In the nineteenth and early twentieth centuries, vocations looked mighty appealing not only to those women who wanted a life of contemplation (or pious service), but also to those who were not interested in raising a family and were interested in having some sort of education and career. (Indeed, Catholicism itself was seen as the progressive option for a number of nineteenth-century feminists who did not have vocations.) Moreover, the 19th-c. RCC was one of the few places where a woman was likely to hear that marriage was not necessarily a woman's highest destiny. It's not surprising that as other opportunities became available, women started diversifying.

One of the reasons that I backed away from my initial grad school interest in Catholic history was that the Catholic history listserv was full of constant, constant allegations that various people were anti-Catholic bigots. I had very little faith that I, as a non-Catholic, could write anything interesting about the history of American Catholicism without being accused of hating Catholics.

...Although I'm not on this listserv, I have to say that they do have a point there. My research time is spent on the opposite side of the pond, but while the recent historiography has improved greatly, you still occasionally stumble across some work that is gung-ho anti-Catholic, often because there's a theological dog in the hunt. At least in my field (Victorian lit), there remains a real reluctance to talk about Catholic authors, although that's also improving.
posted by thomas j wise at 11:59 AM on August 31, 2014 [8 favorites]

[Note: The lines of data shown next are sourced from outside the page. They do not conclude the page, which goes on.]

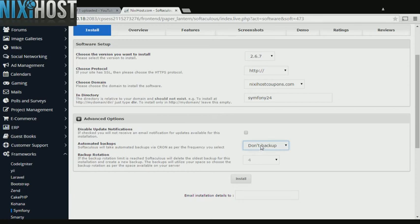It's always a good idea to set up a cron job to back up your website. You can do this under the Advanced Options section.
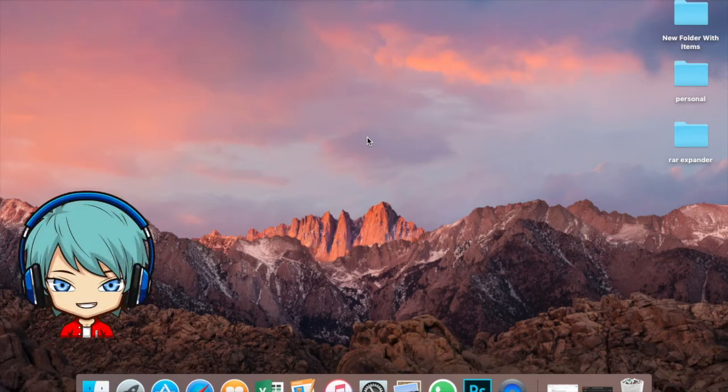Hey guys, this is VanDex here. Today I'll be teaching you how to open multi-parted RAR files on Mac, and we are starting right now.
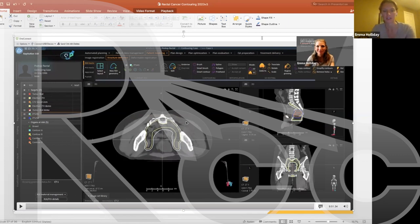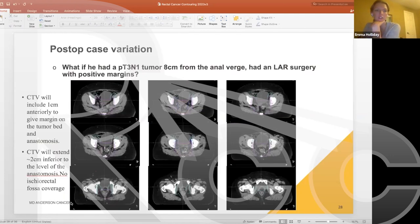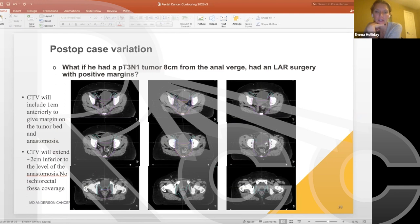Regarding a question from the chat about constraints on the colostomy bag: if it were in the field, I would try to keep hot spots over 45 Gy out of the ostomy. For a post-LAR variation where the patient had a low anterior resection instead of APR, we contour the area of the anastomosis using surgical clips to guide the target, with at least 1–2 cm of anterior margin. Rather than covering the ischio-rectal fossa down to the skin, the elective coverage stops at the pelvic floor, similar to the pre-operative case.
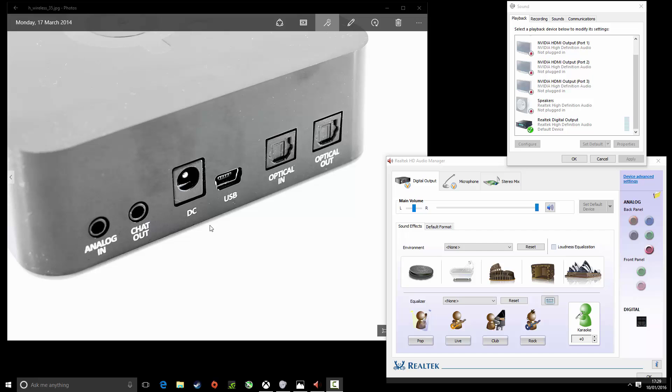You need a DC to actually power it and then we're going to use a 3.5mm which comes in the box to a 3.5mm in the back of your PC. So connect this to your microphone port, connect it to your chat out.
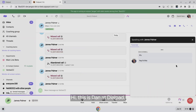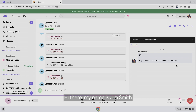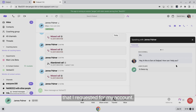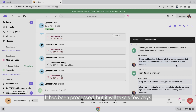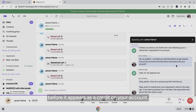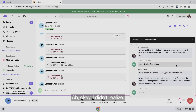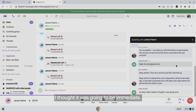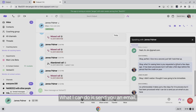Hi, this is Dan at Dialpad. How can I help you? Hi there, my name is Jim Smith and I was following up on a refund that I requested for my account. It has been processed but it will take a few days before it appears as a credit on your account. I thought it was going to be immediate. What I can do is send you an email so you have a confirmation of that.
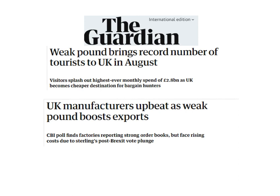Looking at a couple of Guardian articles on the weak pound: 'Weak pound brings record numbers of tourists to UK in August' — because exports were cheaper. American or European customers who previously found the UK too expensive are now visiting because the pound is weak. Also, some UK manufacturers were upbeat as the weak pound boosted exports, with higher demand from other countries.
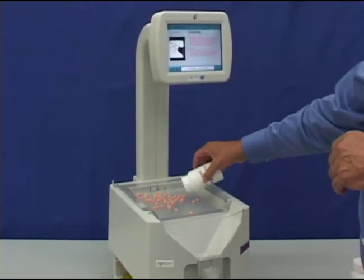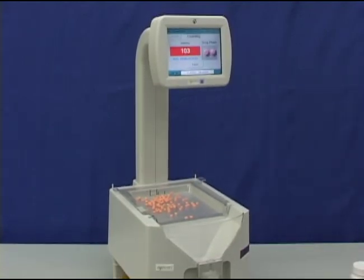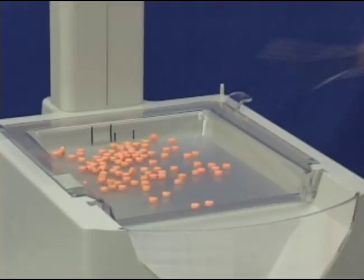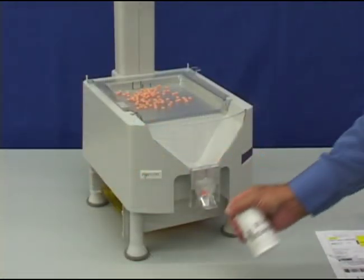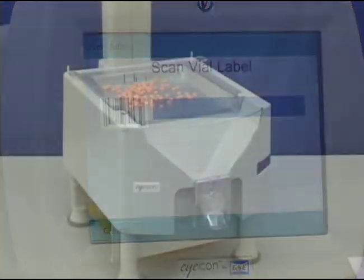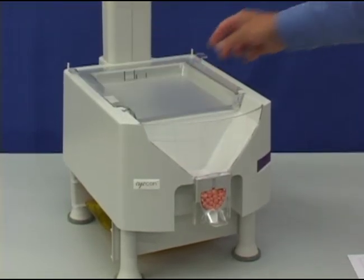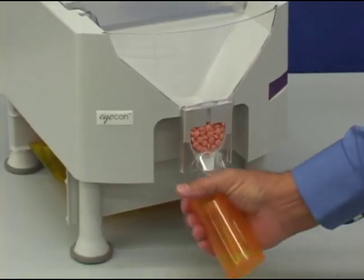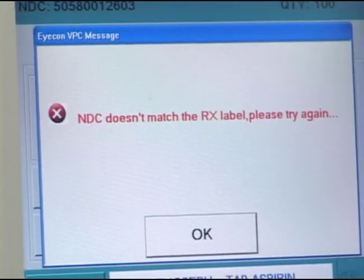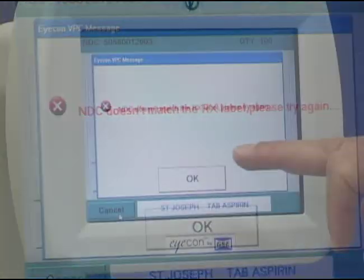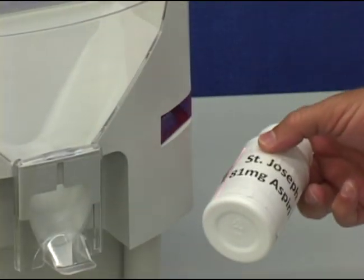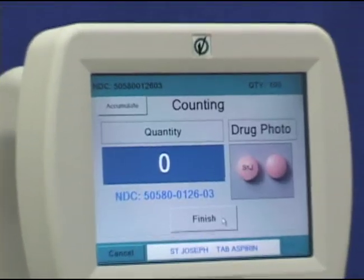If you have too few pills, spread some more from the stock bottle onto the counting platter. If you have too many pills, remove the excess with the supplied spatula into the dispensing funnel. Return the excess to the stock bottle, then press Finish on the screen. Tip the pills into the dispensing funnel and lift the dispensing gate to fill the script vial. In the validation mode, if you scan the wrong stock bottle for a script, the screen will show a warning message. Press the OK button on the screen, scan the correct stock bottle, and continue with the rest of the normal counting process.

The only time I wrote to the Pope — Benedict XVI — was over his callous treatment of women religious in the United States. I apparently didn't get excommunicated over it.
posted by ob1quixote at 12:11 PM on August 31, 2014


Yes, there are still quite a few anglican nuns (and monks).
posted by Pre-Taped Call In Show at 12:15 PM on August 31, 2014


This might be useful to the "nuns are not directly equivalent to priests" discussion:
Catholic Education Resource Center - The Meaning of the Terms Nun, Sister, Monk, Priest, and Brother

As you can see there are distinctions in terms that tend to get blurred in casual discussion. I agree that nuns are not directly equivalent to priests since women cannot perform anything equal to a priest's role in the Church, nor do they have the opportunities in the Church in scope of choice when called to a religious life - or in advancement through the ranks in governing.

And I think this is a useful distinction to make because, to me, this means the Church is morally more obligated to provide for these women who have dedicated their lives & their obedience to it. By not having equal opportunities, they end up being more bound by its strictures (and more dependent) with less ability to effect changes in the governance, even in matters that directly affect them.

I do think, however, making a parallel (such as the one in the front page pullquote) between the Church's handling of sex abuse scandals with its priests is apt enough. It is illustrative of an organization that is willing to do a lot of footwork for men serving in its ranks who have committed crimes (cover-ups, denials, lack of investigation, moving them around to new parishes even with the knowledge they were child abusers, legal settlements, etc.) - but not very much for women who have faithfully served the Church's interests for decades. Nuns in contemplative, cloistered orders are similar to monks - but sisters out in the world are actively doing the work of the Church, at the direction of the Church, under the rule of the Church... with relatively little power within the Church.
posted by flex at 12:15 PM on August 31, 2014 [10 favorites]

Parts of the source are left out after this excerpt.